Thanks to an increased tax revenue forecasts, the Mississippi legislature will be spending more taxpayer money going into an election year.

By: Steve Wilson, Mississippi Center for Public Policy

The state’s budget adds up to $6.3 billion, a 3.83 percent increase over last year’s $6.1 billion budget.

The fiscal 2020 budget goes into effect on July 1 and will include a 3 percent pay increase for state workers, a $1,500 pay hike for teachers and increased employer contributions to the state’s defined benefit pension fund.



Mississippi’s budget process is unusual in that there is no single budget document, but a series of appropriation bills for each state agency, board and commission. The Magnolia State is one of 30 states that use an annual budget cycle.

The general fund isn’t the only funding mechanism for appropriations, as some agencies have what are known as special funds, which are funded with fees generated from licenses and other income. Federal money, such as for Medicare, isn’t part of the calculations either.

These agencies will have increased funds in fiscal 2020:

  • More than $82.1 million for K-12 education than last year’s appropriation.
  • An additional $50 million more than last year’s appropriation for the office of state aid roads, which maintains 25,857.04 miles of county roads that are considered “feeder” routes between the state highways.
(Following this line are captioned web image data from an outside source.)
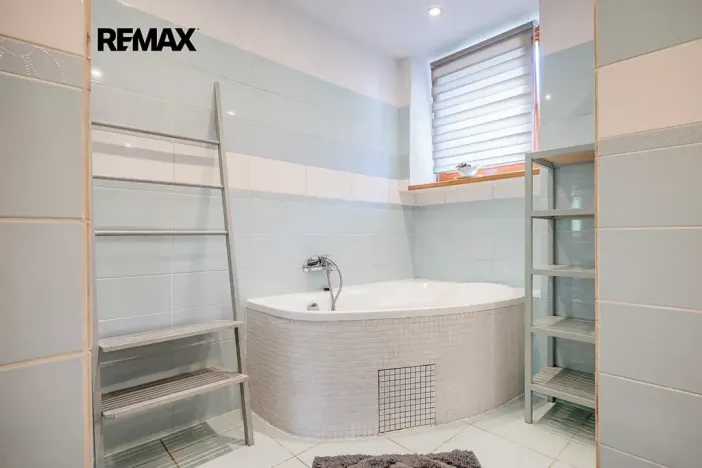 Prodej vily, Praha - Dejvice, U dejvického rybníčku, 400 m2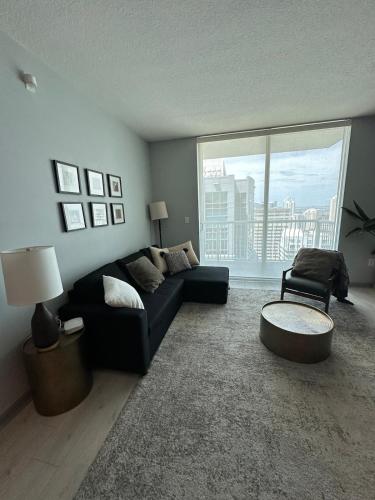 Stunning view from 42nd floor, Brickell-Miami financial district free self-parking spot, sleeps 4 photo 11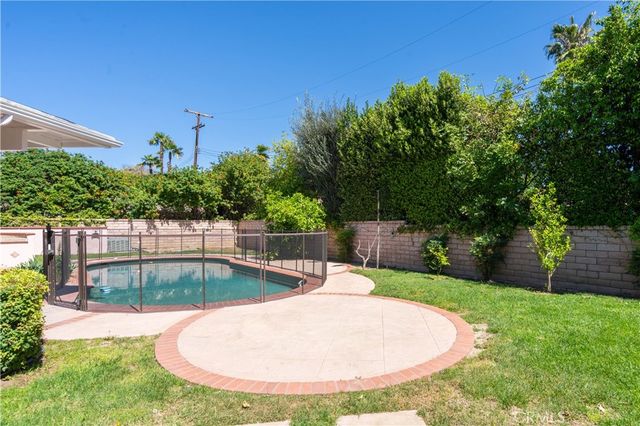 10036 Andasol Avenue, Northridge, CA 91325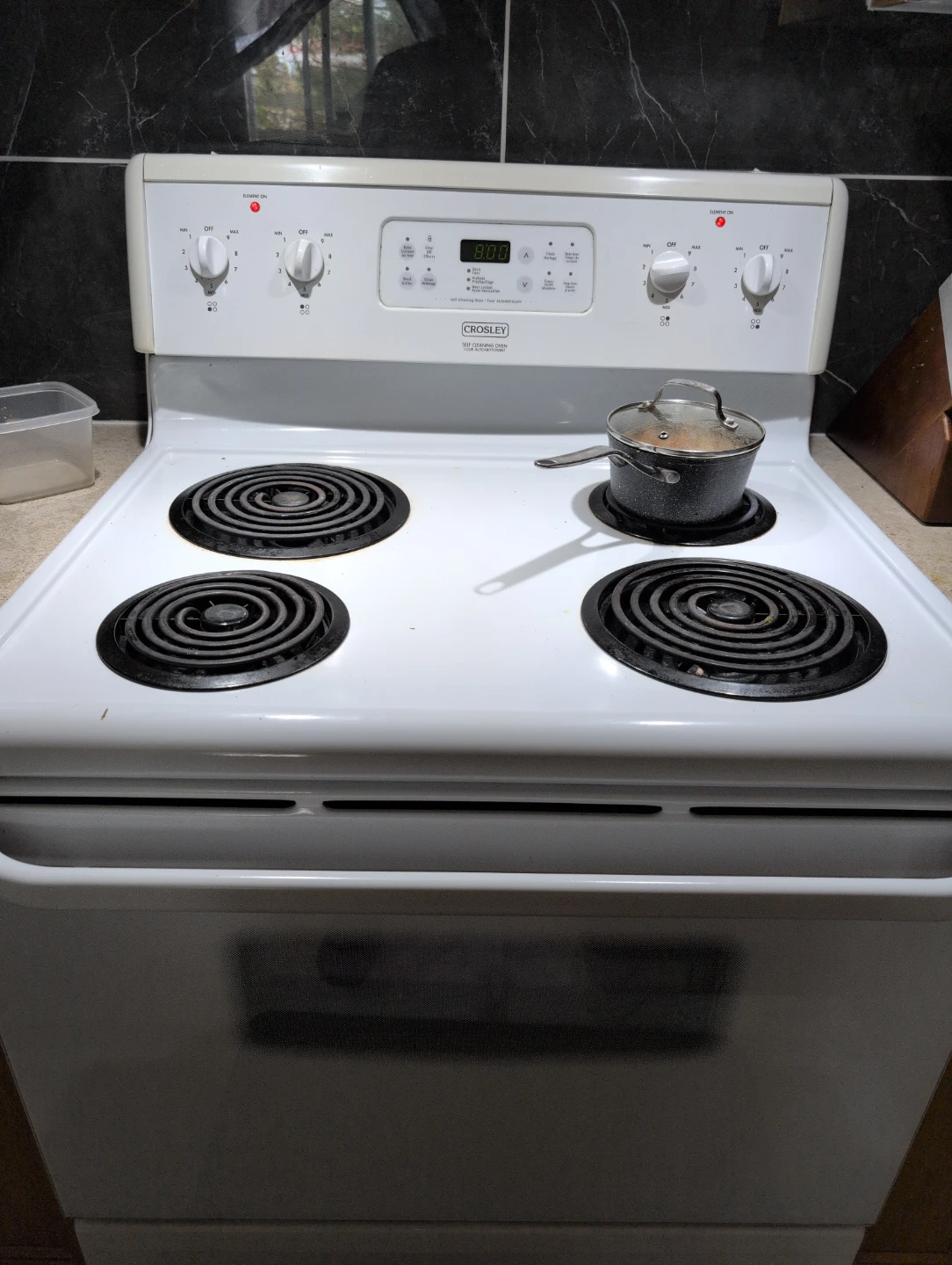 Crosley Electric Stove and Dishwasher - photo 2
This money also goes to maintaining 5,368 bridges on these routes.
  • More than $37.4 million over last year’s appropriation for the state’s universities.
  • Medicaid’s budget will climb by more than $27 million over last year’s outlay.
  • A more than $15 million increase for the Department of Public Safety to conduct a new trooper school ($4.5 million) and $3.3 million for the Driver Support Division to hire more workers and reduce wait times at driver license centers.
  • Community colleges will receive $14.3 million over last year’s appropriation.

Not every appropriation increased in the budget. Taxpayers will spend $385,241,392 next fiscal year to help retire the state’s more than $4.4 billion in debt, which is the same amount as last year.



Here are some that were actually cut when compared to outlays from last year’s budget:

  • The state Port Authority, which manages the port at Gulfport, had its appropriation cut from more than $138 million to more than $66 million. The cut of more than $70 million was in line with the authority’s funding request that reflected a more than $63 million reduction in capital outlays.
  • The state Department of Employment Security’s budget was cut by more than $14 million. This was still slightly more than the $137 million requested by the agency.
  • The Attorney General’s office’s outlay was cut by more than $653,000.

The state’s budget doesn’t include the more than $371 million in borrowing for various projects that included $45 million for Huntington Ingalls Shipyard in Pascagoula, special states funds that are outside the general fund or federal funds.

In fiscal 2019, the budget with all general, special and federal funds included added up to $20,855.445.148, meaning the state remains the most dependent (42 percent of the budget) on federal funds.